Yes, if an attacker obtained the password database, they could use the
password hashes to log in with any particular user's account. They wouldn't
need to know that user's plaintext password.

Like you, I'd also thought about storing a second-level hash (a hash of the
bcrypt hash). However, I didn't mention it because I don't currently
understand the complexity of hash functions well enough. There are at least
two issues that come to mind regarding the complexity of the second-level hash
function:

1) If we used MD5 or SHA-1, would this cause the same problem Coda Hale warned
against? A bcrypt hash would likely be longer and more complex than a typical
user-defined 6 character password. Could a cracker feasibly produce the MD5
hashes for all the strings as long as a bcrypt hash? (I don't know how much
slower MD5 gets with each additional input character, or how much slower it
gets to produce MD5 hashes for all the strings of a given length.)

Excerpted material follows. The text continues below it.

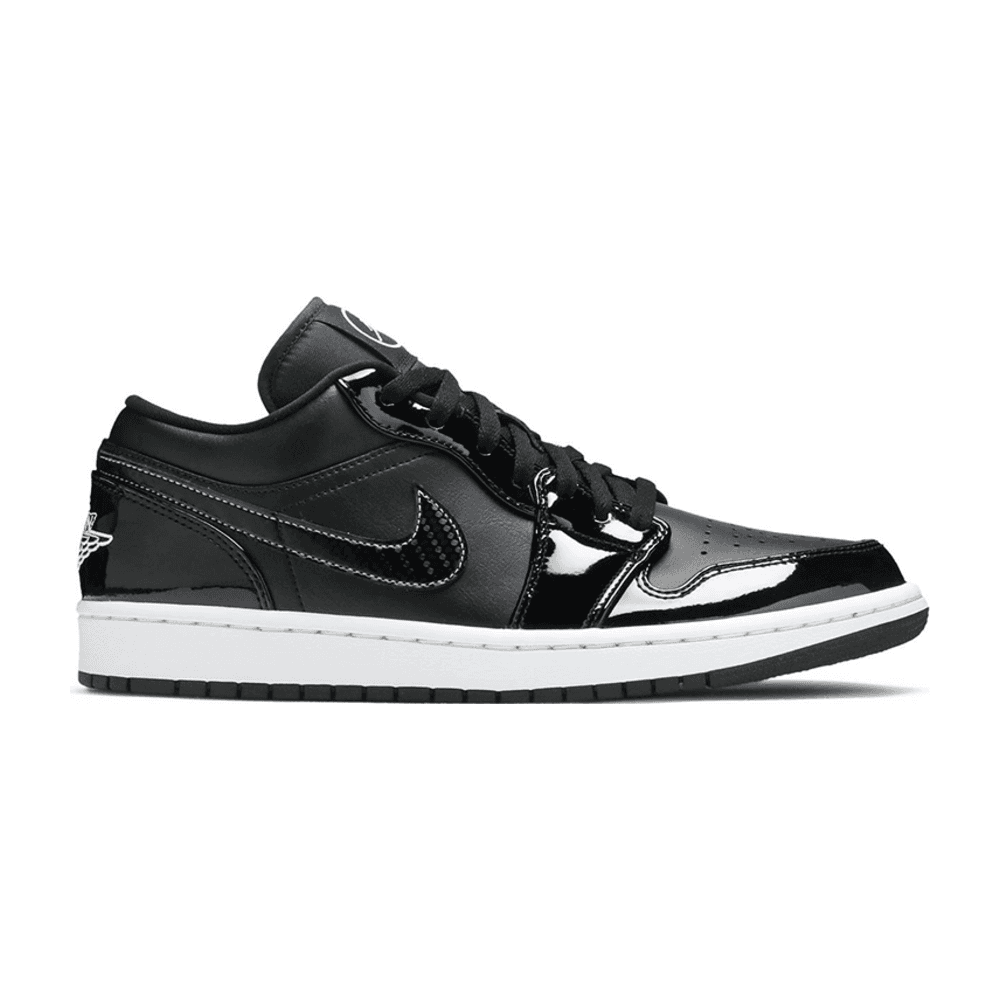 Tenis Air Jordan 1 Low Se All Star 2021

2) If we used bcrypt itself as a 2nd-level hash, wouldn't that cause the same
problem I was trying to avoid (running bcrypt at log-in time)? Maybe this 2nd-
level bcrypt hash could be configured to be less computationally expensive
that the 1st-level hash (the one used on a user's plaintext password). Thus
it'd be moderately inexpensive to verify a user's password, but more expensive
to crack it (since the input string the password cracker is trying to find is
a bcrypt hash, not a traditional, weak user-selected password). Like you said,
I need a security expert (or several) to look into this.

Thank you for your feedback.

------
lzm
Not in this way. The bcrypted hash effectively becomes your plain text
password, nulling the purpose of a hash in the first place.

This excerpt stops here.